Signed-off-by: 陈建华 <1647430658@qq.com>
---
 vllm/lora/ops/triton_ops/fused_moe_lora_op.py | 31 ++++++++++---------
 1 file changed, 17 insertions(+), 14 deletions(-)

diff --git a/vllm/lora/ops/triton_ops/fused_moe_lora_op.py b/vllm/lora/ops/triton_ops/fused_moe_lora_op.py
index ff06725cd..58549ee9f 100644
--- a/vllm/lora/ops/triton_ops/fused_moe_lora_op.py
+++ b/vllm/lora/ops/triton_ops/fused_moe_lora_op.py
@@ -84,6 +84,7 @@ def _fused_moe_lora_kernel(
     num_slice_c: tl.constexpr,
     top_k: tl.constexpr,
     MUL_ROUTED_WEIGHT: tl.constexpr,
+    ADD_INPUTS: tl.constexpr,
     USE_B_L2_CACHE: tl.constexpr,  # new, enable .ca load for B
     BLOCK_SIZE_M: tl.constexpr,
     BLOCK_SIZE_N: tl.constexpr,
@@ -211,7 +212,11 @@ def _fused_moe_lora_kernel(
     c_mask = token_mask[:, None] & (offs_cn[None, :] < N)
 
     if SPLIT_K == 1:
-        tl.store(c_ptrs, accumulator, mask=c_mask)
+        if ADD_INPUTS:
+            prev = tl.load(c_ptrs, mask=c_mask, other=0.0)
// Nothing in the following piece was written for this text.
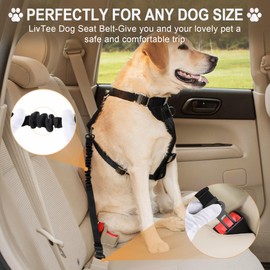 LivTee Dog Seat Belt for Car,1 Packs Set Retractable Dog Car Harness Adjustable and Comfortable Dog Car Seatbelt Leash,Elastic Nylon Pet Safety Seatbelts for Vehicles,Dog Accessories for Car(Black)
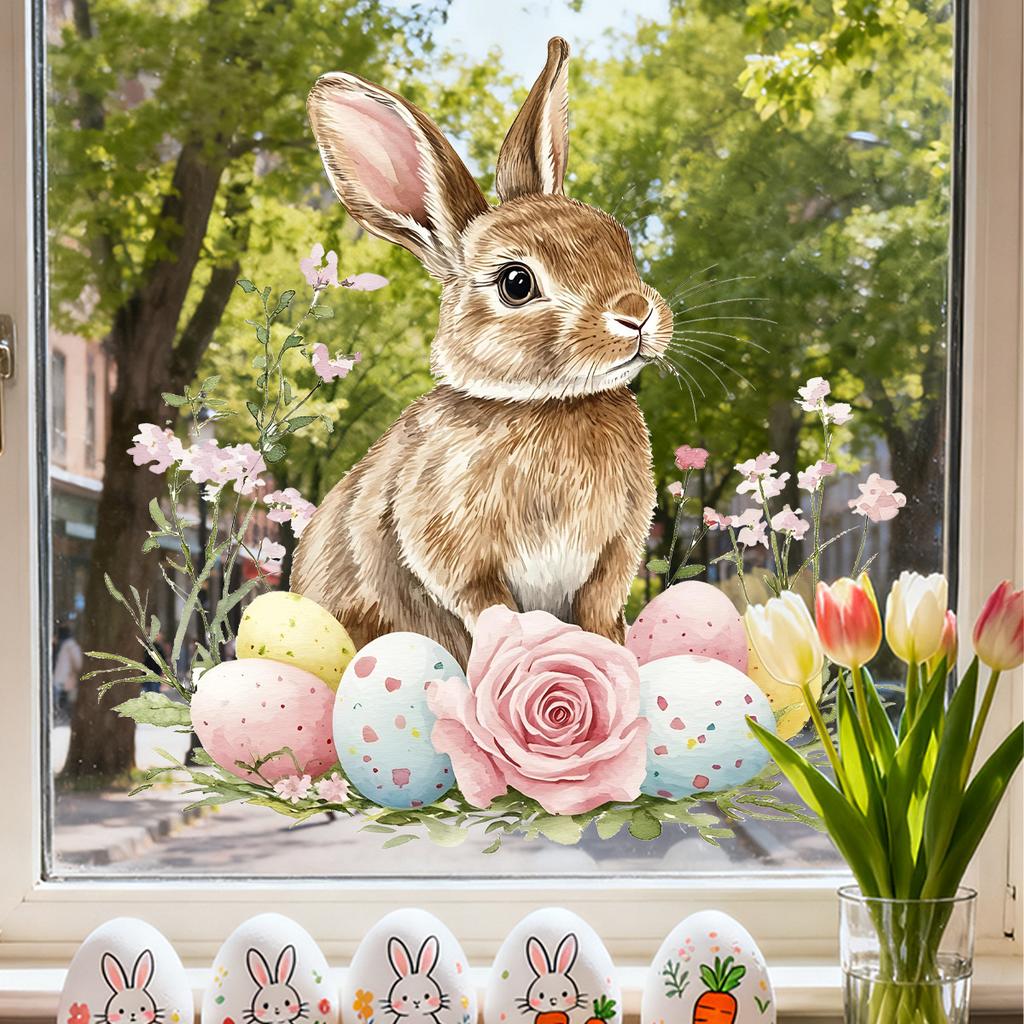 Easter Window Stickers, Creative Cute Floral Bunny Eggs Decor, Static Cling Glass Decals for Bedroom Living Room Holiday Decoration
+            tl.store(c_ptrs, prev + accumulator, mask=c_mask)
+        else:
+            tl.store(c_ptrs, accumulator, mask=c_mask)
     else:
         tl.atomic_add(c_ptrs, accumulator, mask=c_mask, sem="relaxed")
 
@@ -305,6 +310,7 @@ def _fused_moe_lora_shrink(
         num_slice_c=num_slices,
         top_k=1 if mul_routed_weight else top_k_num,
         MUL_ROUTED_WEIGHT=False,
+        ADD_INPUTS=False,
         USE_B_L2_CACHE=True,  # new
         IS_PRIMARY=True,
         **shrink_config,
@@ -315,7 +321,6 @@ def _fused_moe_lora_shrink(
 def _fused_moe_lora_expand(
     output: torch.Tensor,  # (num_tokens, top_k_num, N*len(lora_a_stacked),)
     a_intermediate_cache1: torch.Tensor,  # (num_slices, M, top_k_num, max_lora_rank)
-    b_intermediate_cache1: torch.Tensor,  # (num_slices, M, top_k_num, output_dim_size)
     lora_b_stacked: list[
         torch.Tensor
     ],  # [(max_loras, num_experts, max_lora_rank, K,),...]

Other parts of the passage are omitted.